» Work task
Nothing but the lines below, from the first through the line containing "Angèle beach tunic", should be set down, each one exactly and without pictures.

» The data
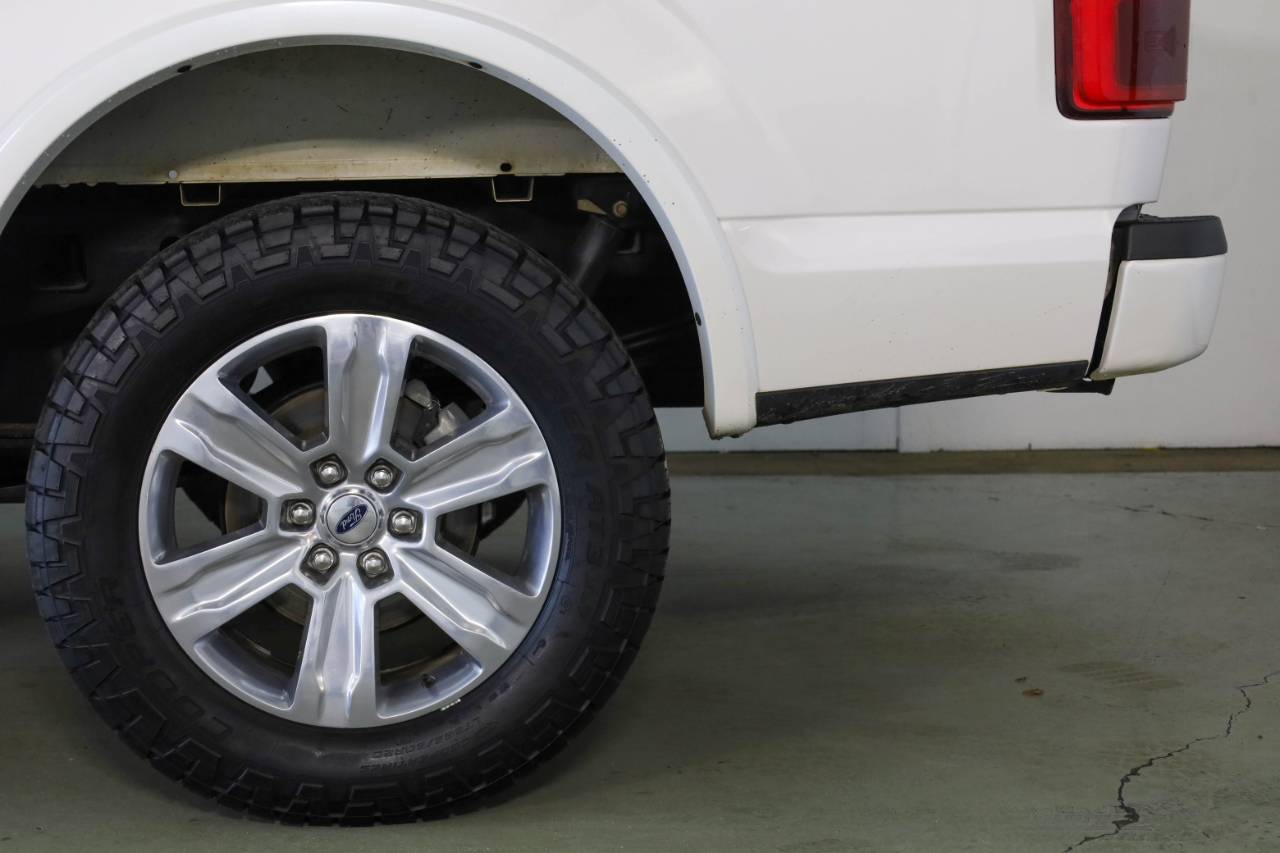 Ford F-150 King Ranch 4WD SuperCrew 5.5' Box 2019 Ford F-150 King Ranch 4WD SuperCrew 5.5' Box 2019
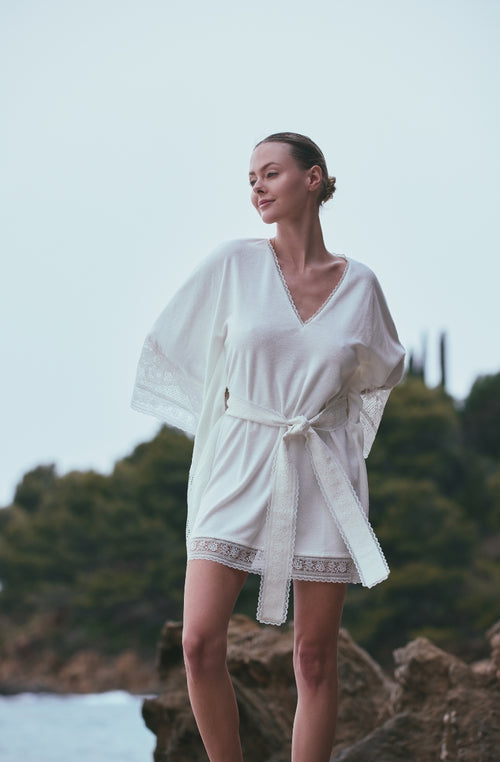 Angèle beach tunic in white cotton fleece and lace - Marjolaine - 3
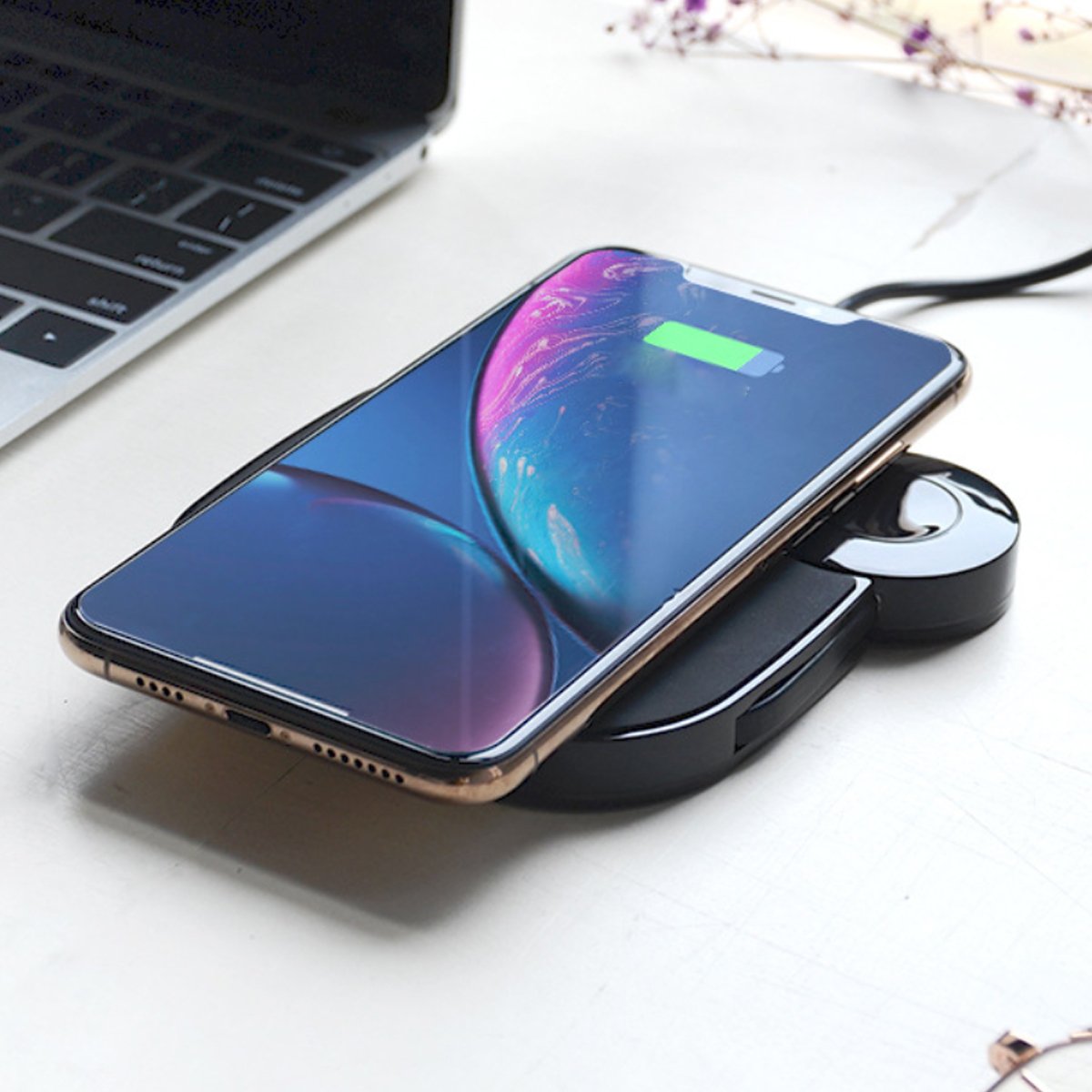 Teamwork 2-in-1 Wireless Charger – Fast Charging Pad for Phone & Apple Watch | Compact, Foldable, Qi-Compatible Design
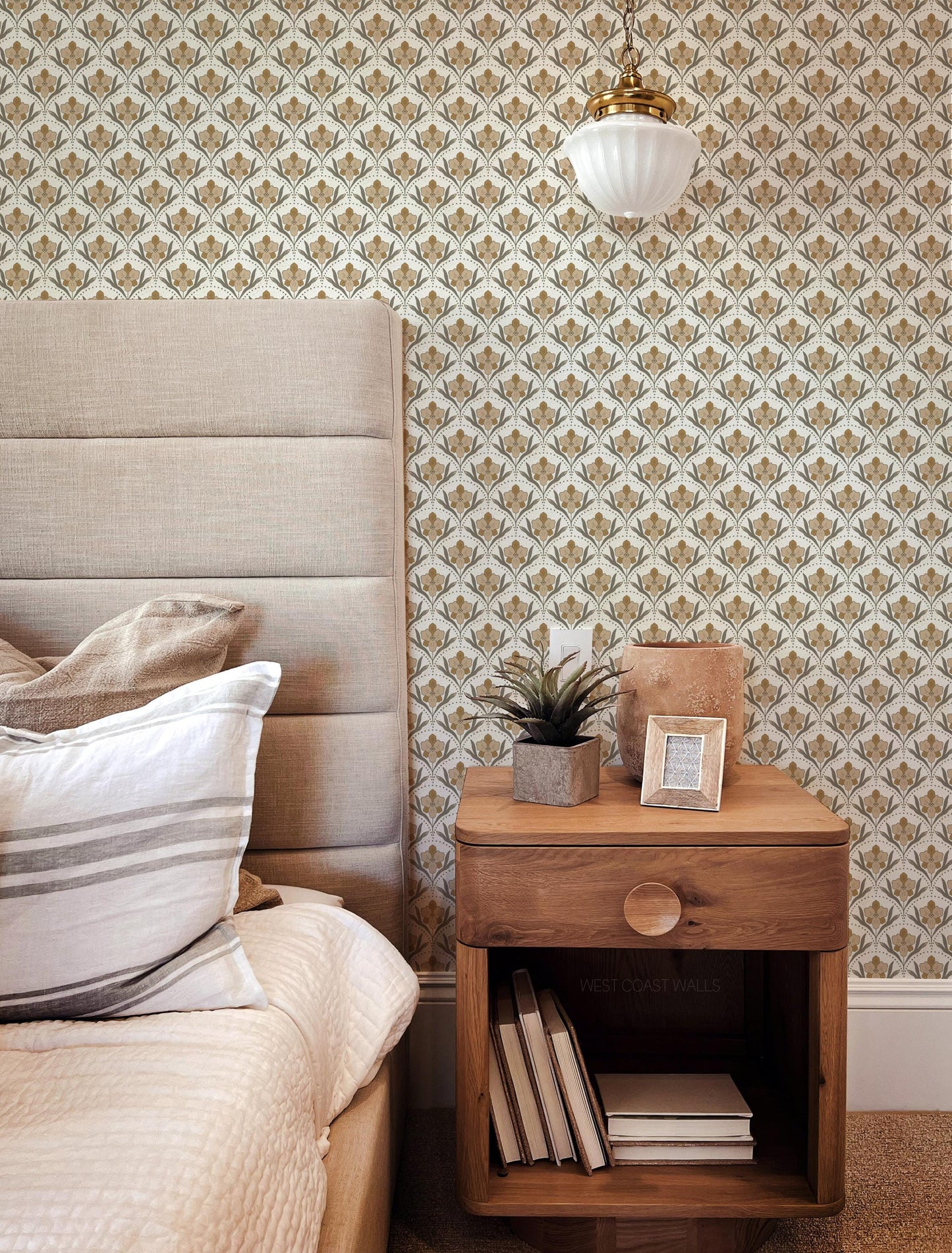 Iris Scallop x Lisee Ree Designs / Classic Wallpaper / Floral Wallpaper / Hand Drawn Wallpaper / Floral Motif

» Answer box
 Ford F-150 King Ranch 4WD SuperCrew 5.5' Box 2019 Ford F-150 King Ranch 4WD SuperCrew 5.5' Box 2019
 Angèle beach tunic in white cotton fleece and lace - Marjolaine - 3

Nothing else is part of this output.